Yet that created another problem. To stop the clotting the team gave Emily blood thinners. Now the side effect was excessive bleeding, which had to be contained.

An 8-year-old's body contains only about 2.3 liters of blood, less than a gallon of milk. But during surgery Emily lost 8 liters of donated blood, meaning she essentially bled out four times in the first 12 hours after the dog attacked.

To Todd, it seemed like everything went wrong. But finally they got good news.

Todd, 2:16 a.m., Sept. 28, 2014: Emily has two more hours in surgery. She will not lose her arm, however, she will most likely losemost use of it. In time and a few more surgeries she may have some movement. I am beyond happy she is alive and I hope to see her soon.

Surgery finally ended around 4:15 a.m. — 13 hours after the dog attacked. But no one was celebrating.

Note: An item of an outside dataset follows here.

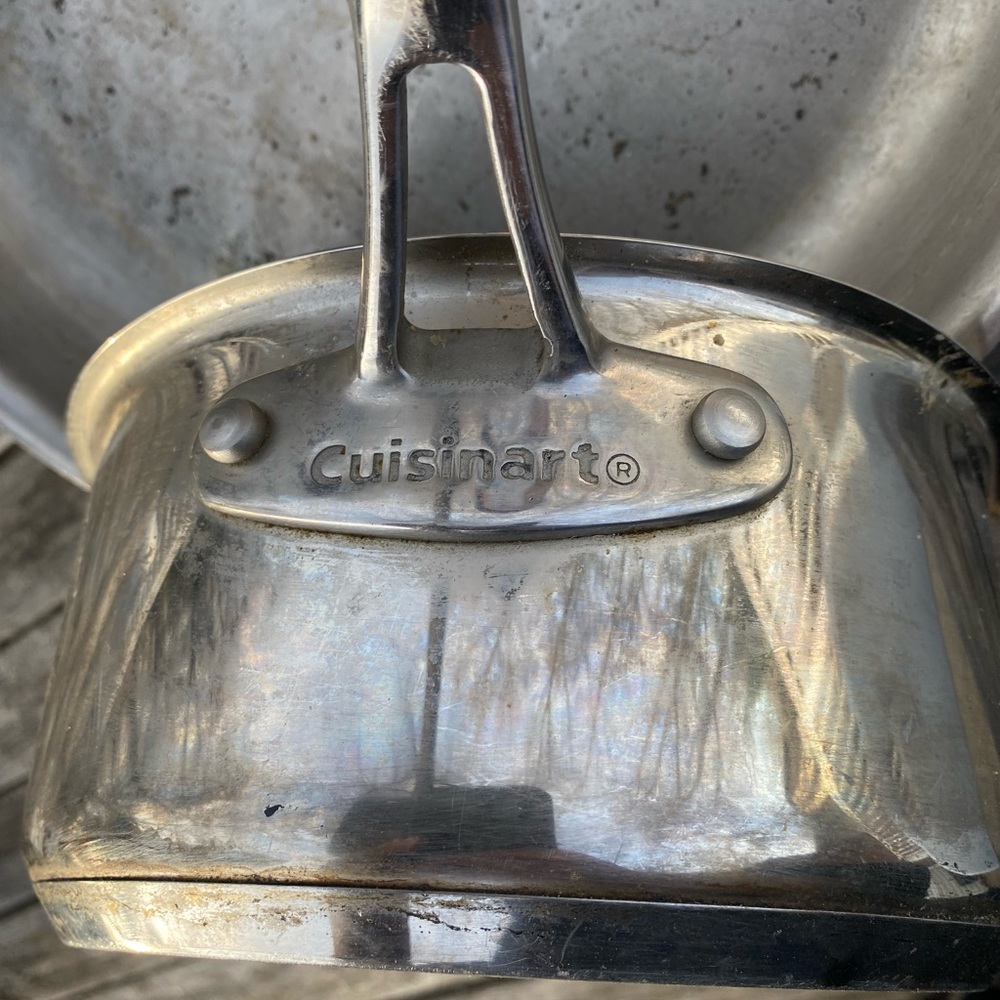 Cuisinart Stainless Steel Saucepan - Silver Stainless Finish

Todd, 7:24 p.m., Sept. 28, 2014: Tonight is the critical night. There are issues with fluid in her lungs from all the blood transfusions. Her heart rate isalso too high. She continues to be in a medical coma. They are still picking up a heartbeat in her hand which is good news. If she has no issues tonight she will be going through a second surgery tomorrow morning. 

When Todd and Maria saw Emily, her face was swollen and bloated, her brown eyes shut. She was hooked up to nine machines including a ventilator, respirator and feeding tube. Her chest thumped so violently it looked like her beating heart could crack her ribs.

White gauze was draped over her arms, shielding most of the surgeons' work. Metal rods stuck out of her right arm in open cuts still fresh with blood.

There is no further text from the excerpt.